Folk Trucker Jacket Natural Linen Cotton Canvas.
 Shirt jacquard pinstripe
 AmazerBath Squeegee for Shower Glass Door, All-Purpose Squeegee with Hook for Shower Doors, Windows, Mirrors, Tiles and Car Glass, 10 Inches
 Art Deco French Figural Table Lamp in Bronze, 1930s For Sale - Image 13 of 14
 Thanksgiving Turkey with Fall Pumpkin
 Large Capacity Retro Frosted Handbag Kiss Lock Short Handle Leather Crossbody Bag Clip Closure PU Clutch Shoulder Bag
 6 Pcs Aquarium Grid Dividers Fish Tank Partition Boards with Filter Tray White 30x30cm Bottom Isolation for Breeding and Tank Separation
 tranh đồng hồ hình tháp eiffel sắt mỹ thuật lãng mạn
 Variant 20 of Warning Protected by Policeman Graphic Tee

*TASK REQUIREMENTS:*
Among the records above, extract exactly the lines from the line with "AmazerBath Squeegee for" to the line with "Thanksgiving Turkey with Fall Pumpkin", both lines included, and leave out the rest.

*RESULT OF THIS TASK:*
 AmazerBath Squeegee for Shower Glass Door, All-Purpose Squeegee with Hook for Shower Doors, Windows, Mirrors, Tiles and Car Glass, 10 Inches
 Art Deco French Figural Table Lamp in Bronze, 1930s For Sale - Image 13 of 14
 Thanksgiving Turkey with Fall Pumpkin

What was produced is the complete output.